L'Institut maritime du Québec.

L’Institut maritime du Québec (IMQ) planche sur de nouvelles stratégies pour combler le manque de main-d’œuvre dans l’industrie.

Même si les 4 000 postes à pourvoir dans l’industrie maritime ne relèvent pas tous d’une formation à l’IMQ, l’école nationale a un grand rôle à jouer pour combler les besoins.

« Ça touche tous les niveaux d’emploi de matelot à débardeur jusqu’au poste de gestionnaire au sein de compagnies maritimes, explique la directrice de l’IMQ, Mélanie Leblanc. Le 4 000 dépeint un portrait assez vaste des besoins. Assurément, l’Institut maritime est l’école qui forme une grande partie de la main-d’œuvre, que ce soit au niveau de l’architecture navale ou de la logistique du transport, mais aussi des marins en mer. »

Les défis sont encore plus importants dans le secteur de la mécanique de marine, selon Mme Leblanc.

Elle indique que l’une des stratégies à court terme serait d’accorder un permis de travail provisoire ou une reconnaissance d’acquis afin d’accueillir des officiers brevetés de certains pays.

Mélanie Leblanc espère aussi pouvoir accepter des étudiants étrangers dans ses programmes de navigation et de mécanique. Actuellement, seuls les programmes d’architecture et de logistique forment des étudiants étrangers.

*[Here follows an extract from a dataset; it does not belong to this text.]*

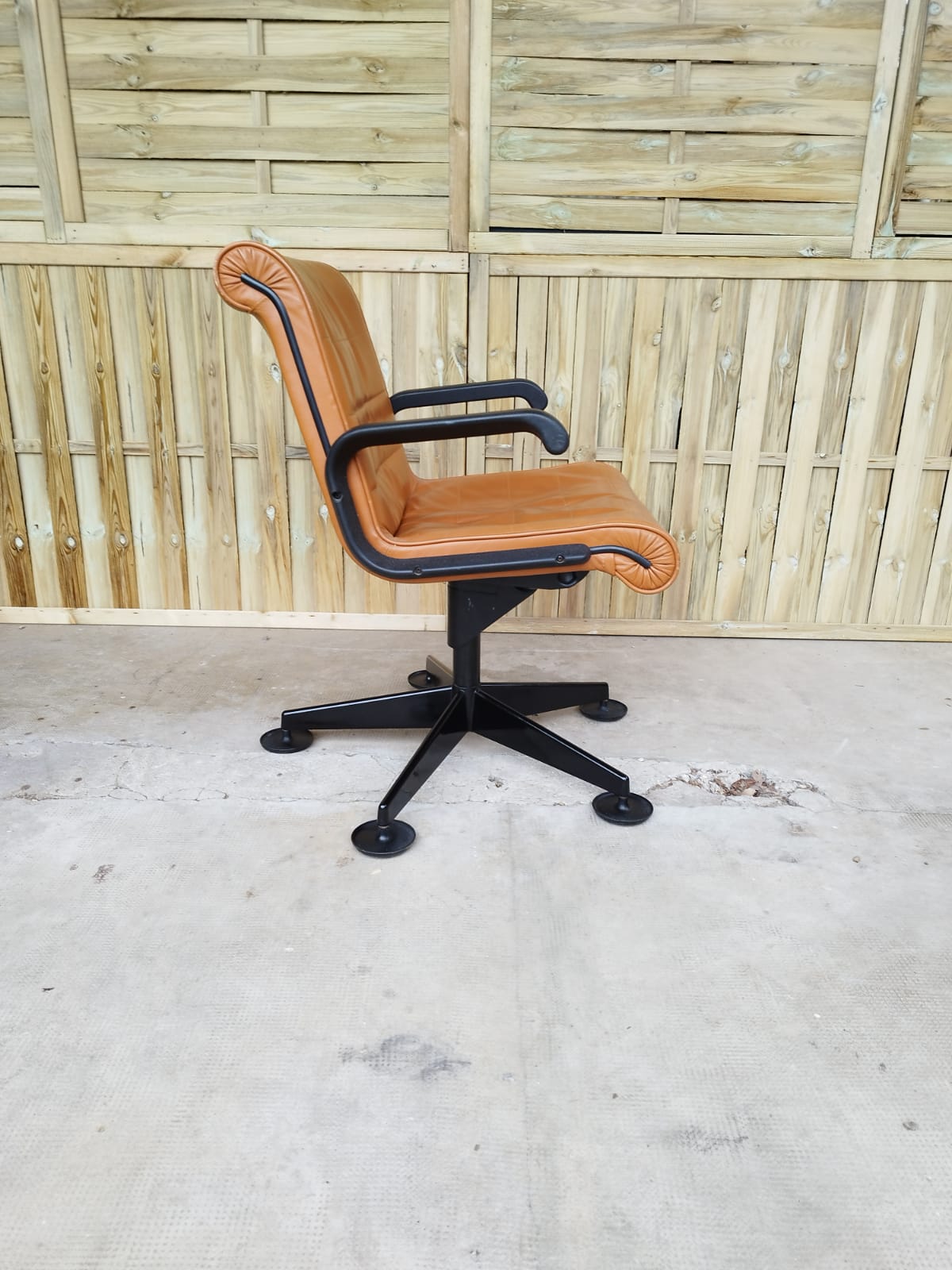 Armchair by Richard Sapper, Knoll 1980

« La problématique n’est pas reliée au diplôme d’études, mais bien au brevet. On pourrait avoir des étudiants étrangers qui étudient ici, mais ils ne pourraient pas naviguer à la fin de leur parcours, parce que pour obtenir un brevet d’officier canadien, il faut avoir la citoyenneté ou, du moins, être résident permanent. »

Mélanie Leblanc, directrice de l’IMQ

L’objectif serait de travailler avec l’immigration afin d’accorder la résidence permanente à ces étudiants dès l’obtention de leur diplôme pour qu’ils puissent exercer leur métier ici. Évidemment, cette stratégie devrait être appliquée dans un monde post COVID-19, puisque l’établissement n’accueille pas d’étudiants étrangers en raison de la pandémie.

Mélanie Leblanc, directrice de l'IMQ.

 Maude Parent, journaliste Bell Média | Mélanie Leblanc, directrice de l'IMQ

Comme les métiers maritimes demeurent méconnus, elle espère que le Projet Saint-Laurent du gouvernement Legault permettra la mise en place d’une campagne majeure de promotion pour faire connaître ces carrières et accélérer le recrutement.

Chaque année, en moyenne 40 étudiants en navigation et 30 en mécanique de marine sont diplômés de l’IMQ, selon la directrice.

Mélanie Leblanc n’est pas inquiète pour les prochaines années, puisque la pandémie n’a pas eu d’effets négatifs sur les inscriptions. Le programme de navigation fonctionne au maximum de sa capacité alors que 66 nouveaux étudiants ont débuté leur formation. Le nombre d’inscriptions en mécanique de marine est également à la hausse avec un total de 34 nouveaux étudiants.